_EXERCISE DESCRIPTION_
Print the lines that start the entries and continue through the one holding "Un lit bien", please, exactly and with the pictures omitted.

_MATERIAL TO PROCESS_
+ + +

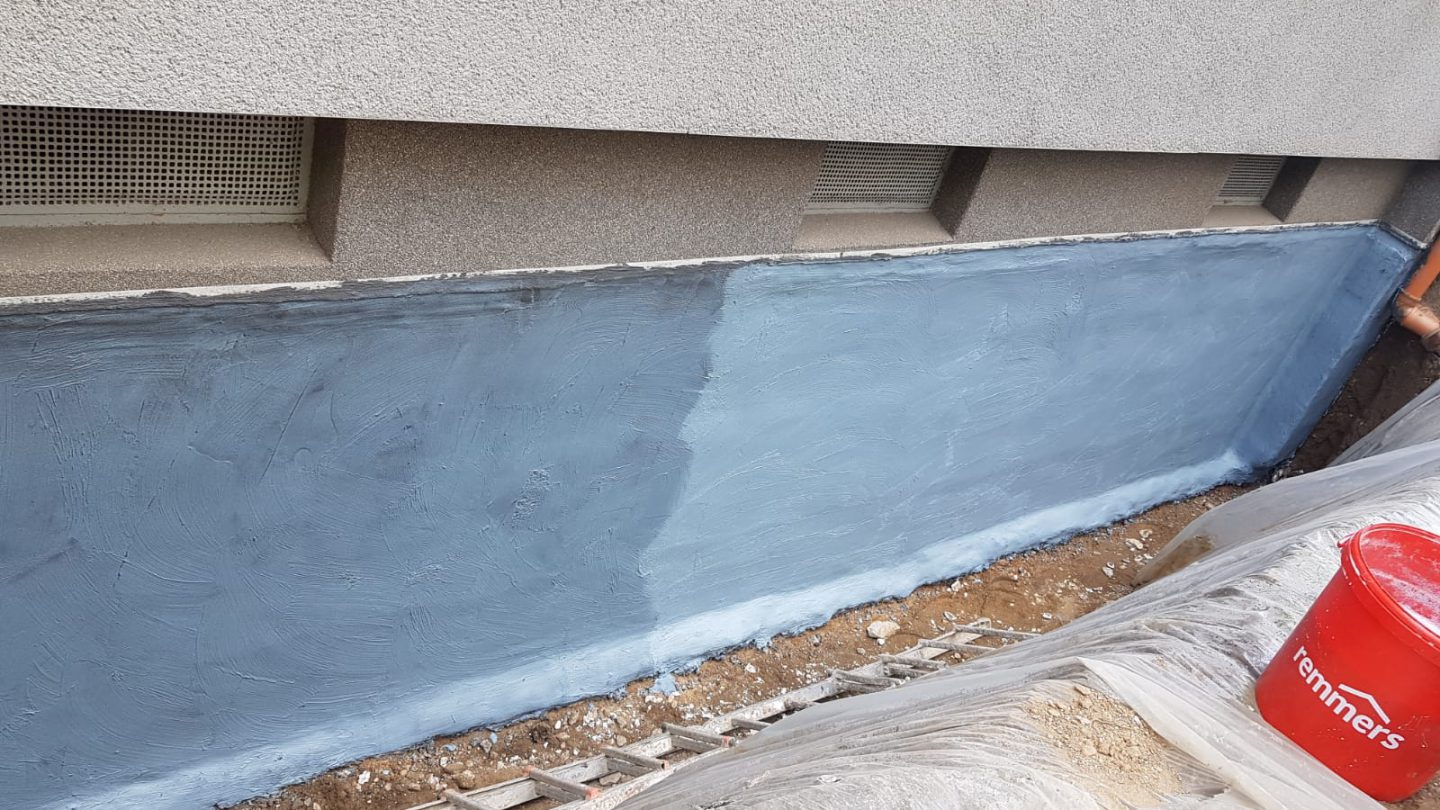 Frisch aufgetragene mineralische Dichtungsschlämme auf einer freigelegten Kelleraußenwand in Krefeld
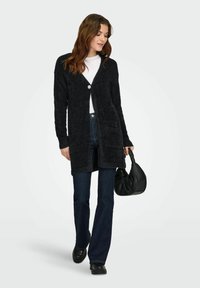 Cardigan noir en tissu pelucheux avec manches longues, col en V, boutons sur le devant, deux poches, associé à un jean bleu et un sac à main noir.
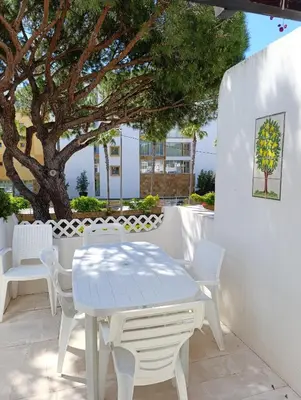 a white table and chairs on a patio with a tree at Balaia Golf Village 122 in Albufeira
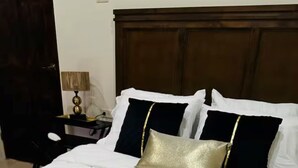 Un lit bien fait, avec du linge de lit blanc, un coussin doré et deux serviettes disposées en forme de cœur.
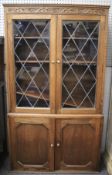 An oak glazed cabinet.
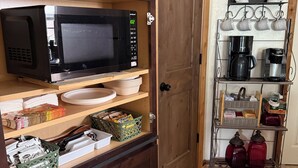 Una cucina con un forno a microonde, scaffali con stoviglie e una macchina per il caffè.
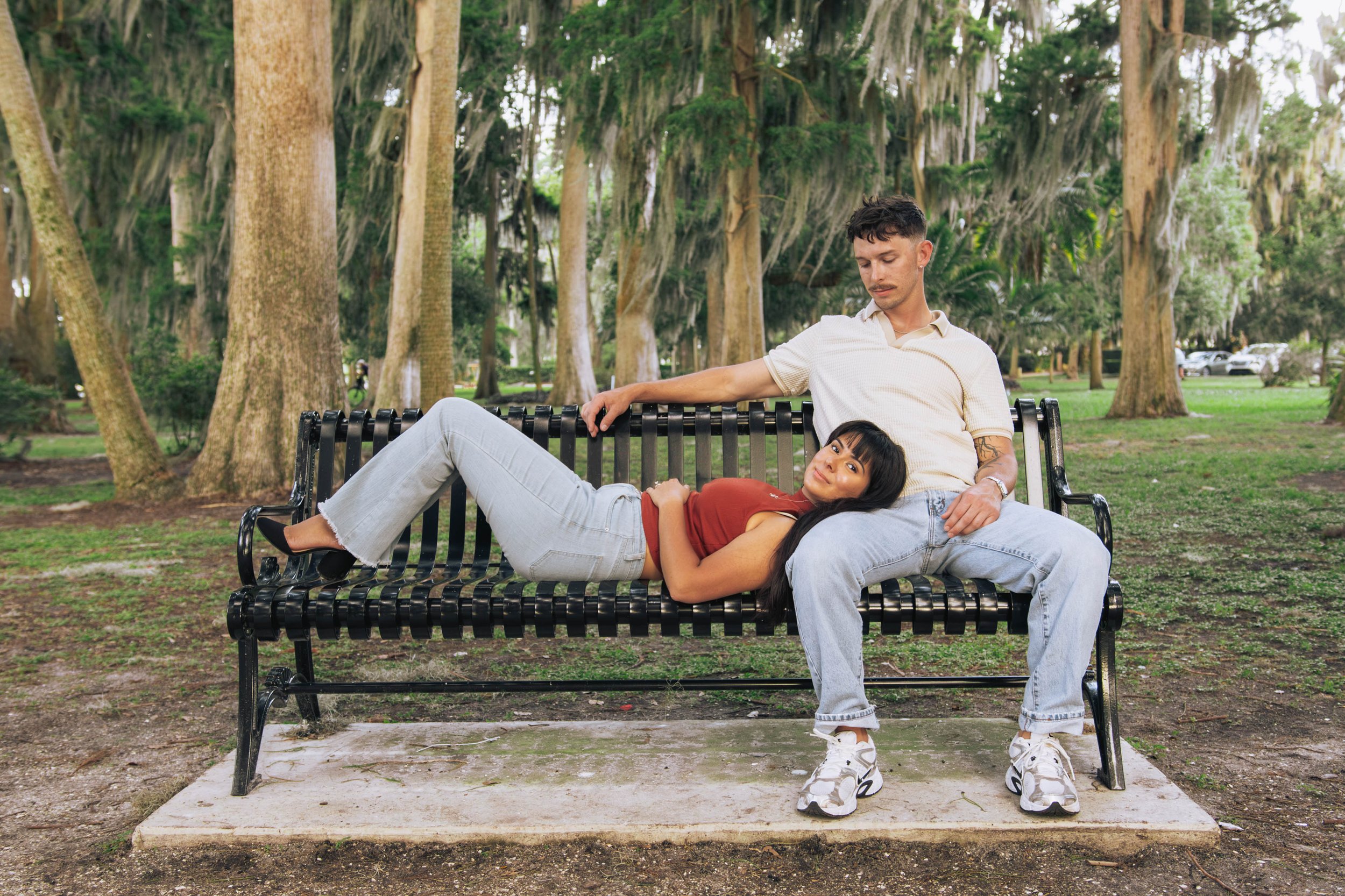 A young man and woman sitting on a park bench surrounded by tall trees with Spanish moss hanging from the branches. The woman is lying down with her head on the man's lap, and they are looking into each other's eyes.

+ + +

_OUTPUT OF THE EXERCISE_
 Frisch aufgetragene mineralische Dichtungsschlämme auf einer freigelegten Kelleraußenwand in Krefeld
 Cardigan noir en tissu pelucheux avec manches longues, col en V, boutons sur le devant, deux poches, associé à un jean bleu et un sac à main noir.
 a white table and chairs on a patio with a tree at Balaia Golf Village 122 in Albufeira
 Un lit bien fait, avec du linge de lit blanc, un coussin doré et deux serviettes disposées en forme de cœur.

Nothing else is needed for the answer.